2010 Fiscal Year Annual Research Report
日本統治期の朝鮮半島における史蹟景観の歴史地理学的研究
Project/Area Number |
20520682
|
Research Institution | Kyoto University |
Principal Investigator |
米家 泰作 京都大学, 文学研究科, 准教授 (10315864)
|
Keywords | 植民地 / 朝鮮 / 史蹟 / 扶余 / コロニアル・ツーリズム / 扶余神宮 / 百済 / 扶蘇山 |
Research Abstract |
研究計画の最終年度にあたる本年度は,研究成果の取りまとめを進めた。 予定していた2つの取りまとめの方向のうち,「史蹟景観の地域的な整備と旅行者の史蹟体験」に関しては,朝鮮半島の扶余(忠清南道)を事例とした検討を取りまとめた(後掲「研究発表」のうち雑誌論文)。
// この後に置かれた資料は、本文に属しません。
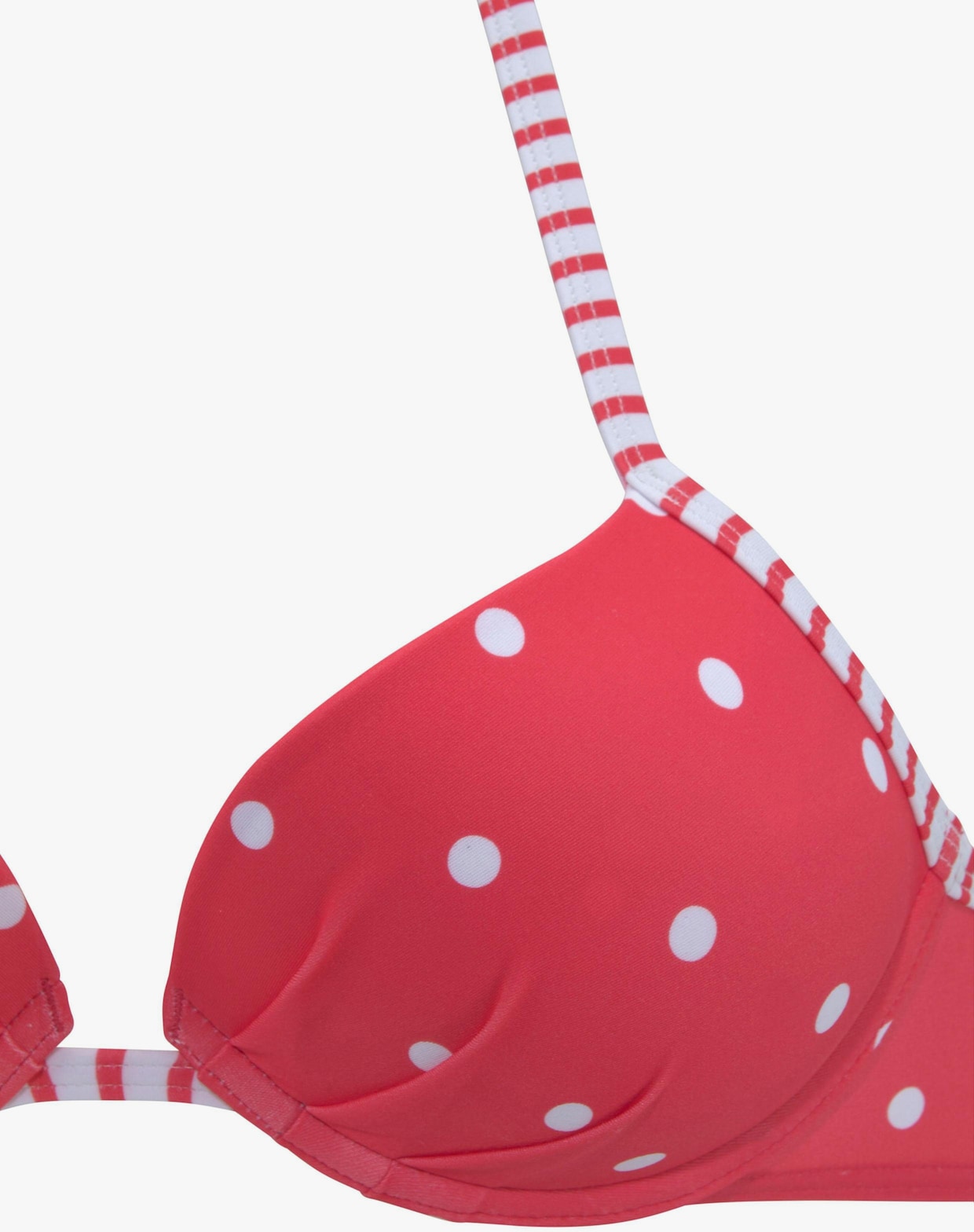 s.Oliver Haut de bikini push-up - rouge-blanc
ただしここでは,本年度新しく検討した扶余神宮に関する未検討資料(国立公文書館所蔵の神宮計画図など)の紹介・分析を兼ねて,扶余神宮と史蹟との関係性を議論することに重点を置いた。そのなかで,植民地神社としての扶余神宮が,百済の古都・扶余の史蹟の「転用」を明確に意図していたこと,そして古代の日本人駐留地としての扶余像が史蹟保存運動のなかで形成され,かつ体験されたことを示すことができた。ここからは,植民地朝鮮に他者性と同質性という矛盾したものを求めるコロニアル・ツーリズムの特徴が浮かび上がってくる。 一方,扶余における史蹟保存運動の前史,ならびにもう1つの取りまとめの方向として想定していた「植民地時代の朝鮮における史蹟景観の空間的分布の特徴」については,別途原稿を用意している所である。登録された古蹟が,朝鮮王朝の史蹟に富むソウル(京城)を除けば,平壌・慶州・扶余という古代の三国時代の都城とその周辺に,そして文禄・慶長の役(壬辰倭乱・丁酉倭乱)に関わる釜山に特に集中しており,日本側の関心が特定の時代に集中するなかで,史蹟が偏った形で「発見」されたことが確認された。これらの場所は,史蹟ツーリズムの勃興とも有機的に連動していたと考えられる。